Bushnell sensed a patriotic yet profitable venture, and he hurried home to see a neighbor, Gideon Welles. Bushnell enthusiastically described a possible antidote to the Merrimac’s threat, and Welles sent him to Washington for a meeting with the ironclad board, composed of three naval traditionalists: Commodores Joseph Smith and Hiram Paulding and Commander Charles H. Davis.205

The navy brass, however, proved immune to Bushnell’s blandishments, and Davis even ridiculed the model. Undaunted by this setback, and through the intercession of John F. Winslow and John Griswold, friends of Secretary of State William H. Seward, Bushnell met with another inventor, President Abraham Lincoln. (Lincoln held patent number 6,469 for the creation of buoyant chambers to lift boats over shoals.)206 The president liked Ericsson’s invention and reconvened the naval board, but Davis proved resistant to even the president’s urgings, deeming the craft unseaworthy. Lincoln rose from the plain box he had used as a seat and announced, “Well, as the girl said when she put her leg in the stocking, I think there is something in it.”207

The resourceful Bushnell raced back to New York to see Ericsson. Mentioning no particular setback, Bushnell said that Davis had proffered arguments that he could not address and that it would be important for Ericsson to appear in person. The Swede, who could be as charming and persuasive as he was egotistical and arrogant, left immediately for the capital. The next day, he turned in a bravura performance, lecturing the naval board on seaworthiness and stability. Greatly impressed, yet hesitant over the memory of the Princeton fiasco, the board nevertheless made him an offer, albeit a very cautious one.
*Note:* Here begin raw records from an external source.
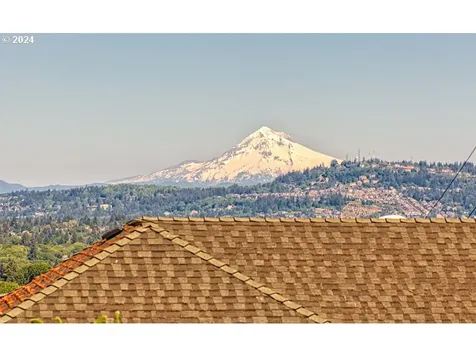 7545 S Corbett Avenue Portland OR 97219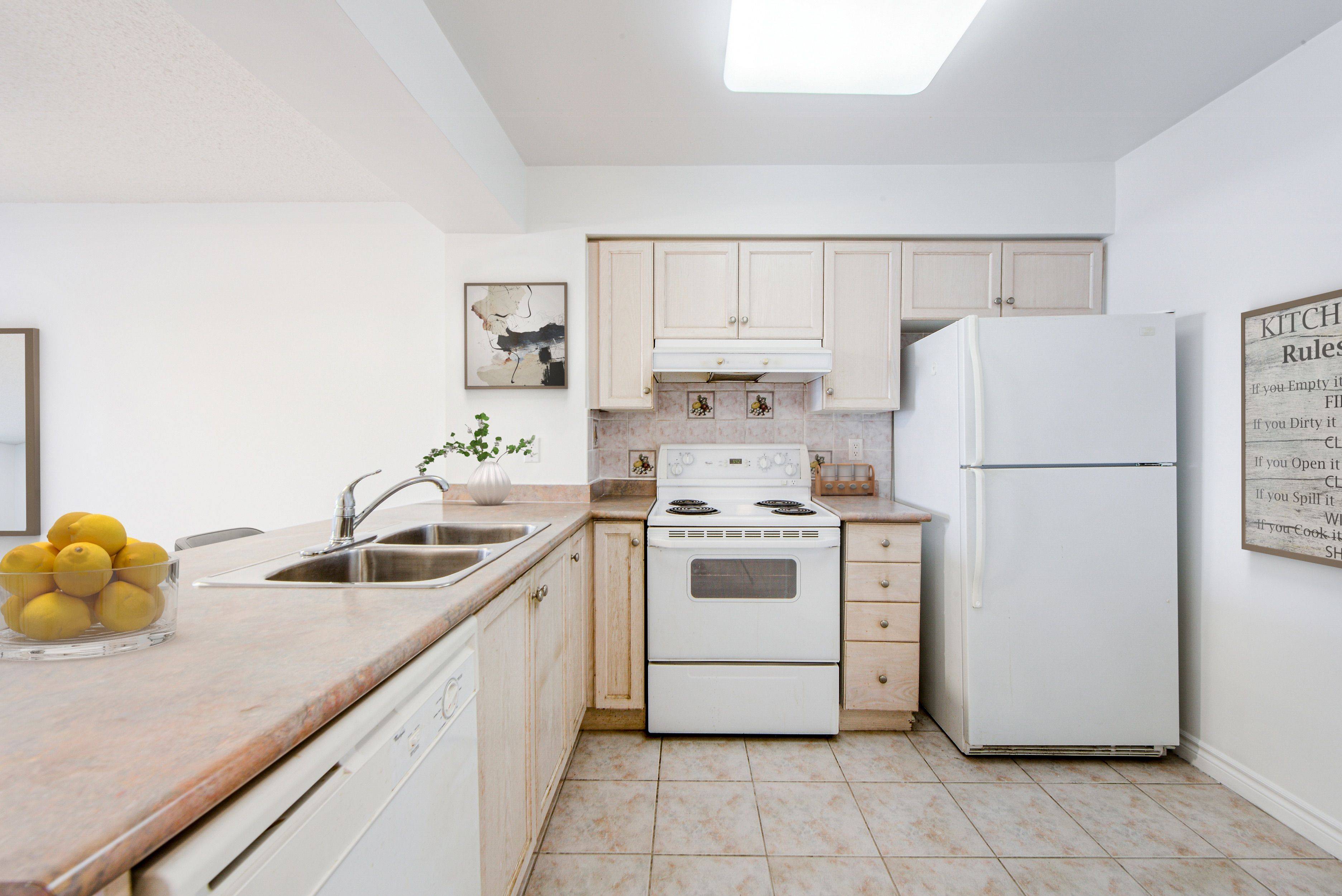 Mississauga, ON L5R 3Z5,35 Kingsbridge Garden CIR #1509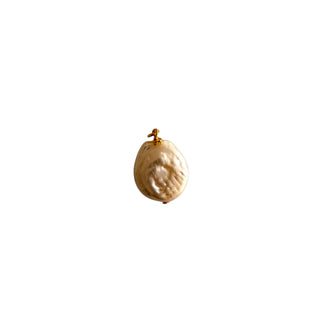 Charm perle blanche grande pour créoles, perle naturelle montée sur laiton doré à l’or fin 24 carats, pour créoles dorées, packshot sur fond neutre.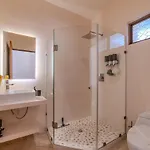 Modern With Pool Fast Wifi Perfect *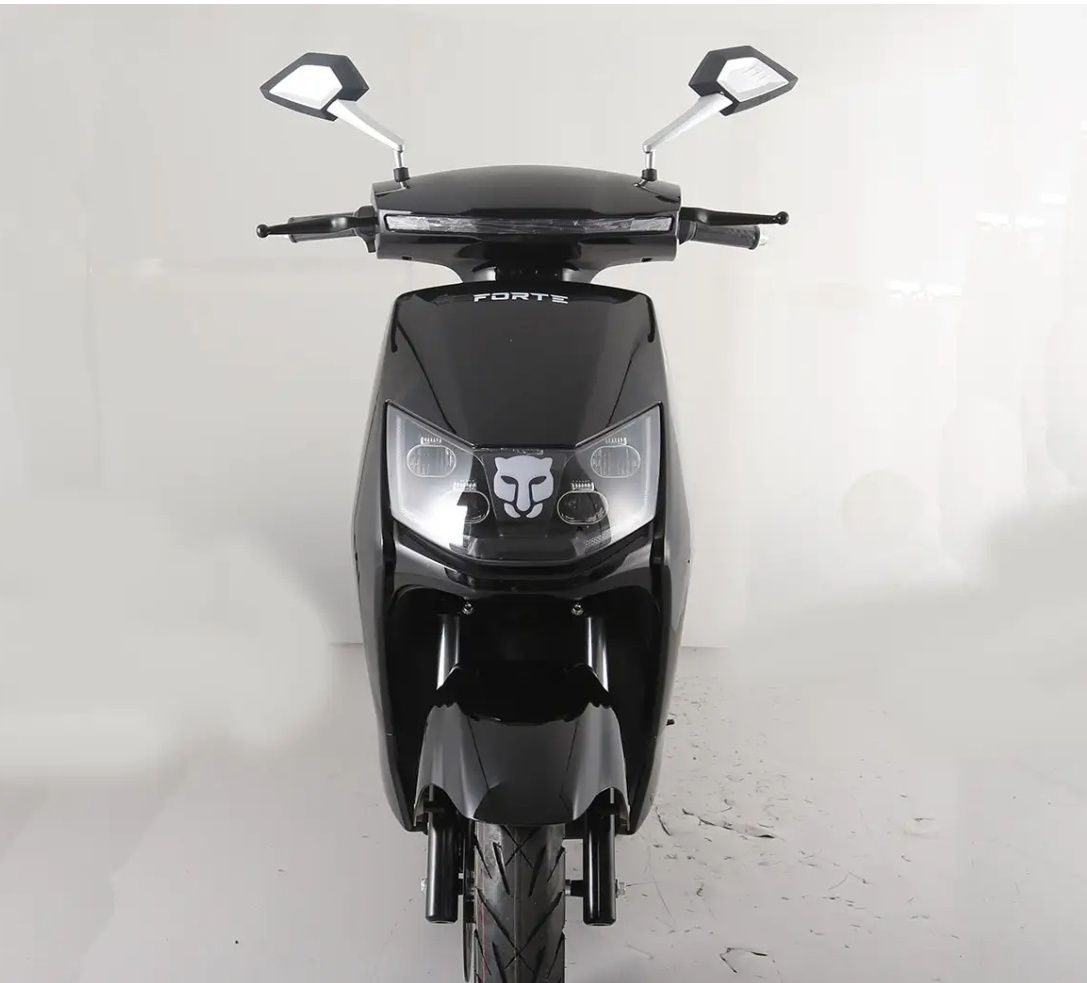 Скутер акумуляторний FORTE T3 Чорний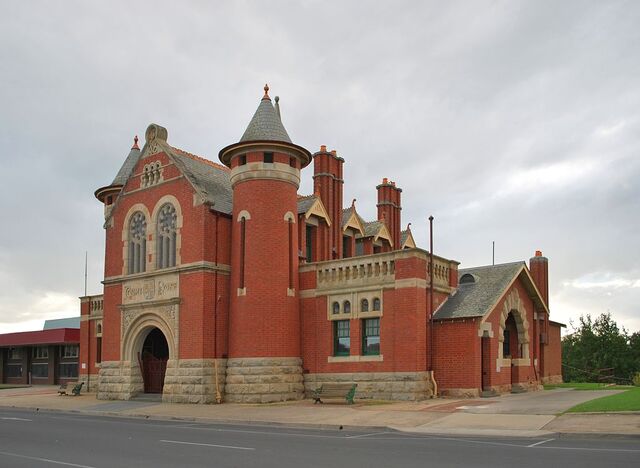 File:RealWorld Bairnsdale Court.jpg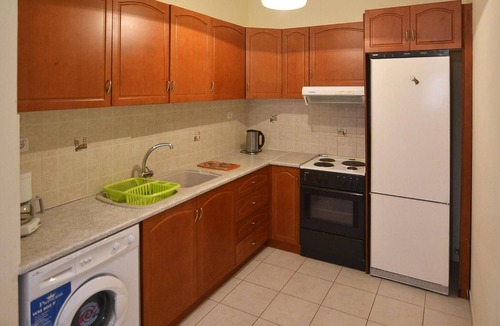 Kato Zakros Apartment | Apartment 'Dimitra Prive Romantic' with Mountain View, Wi-Fi and Air Conditioning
The contract guaranteed complete success or a refund of all government money paid. The new partners—Winslow, Griswold, Bushnell and Ericsson—would receive $275,000208 if the government received delivery within one hundred days. It seemed impossible, and perhaps the spiteful ironclad board secretly hoped the project would fail, but Ericsson’s powerful ego allowed no doubt about eventual success. Work began immediately.209

The hull would be built at Thomas F. Rowland’s Continental Iron Works on Calyer Street, in the Greenpoint section of Brooklyn; the plates, bars and rivets would be supplied by two upstate New York firms, Winslow’s Albany Iron Works of Troy and Griswold’s Iron Works of Rensselaer. The Delamater Iron Works of New York’s West Street would manufacture the steam machinery, boilers and propellers, and the aptly named Novelty Iron Works would build the unique revolving turret. The group would pay inventor Theodore Timby $5,000 for each turret used, even though Timby’s patent would not be granted until September 1862.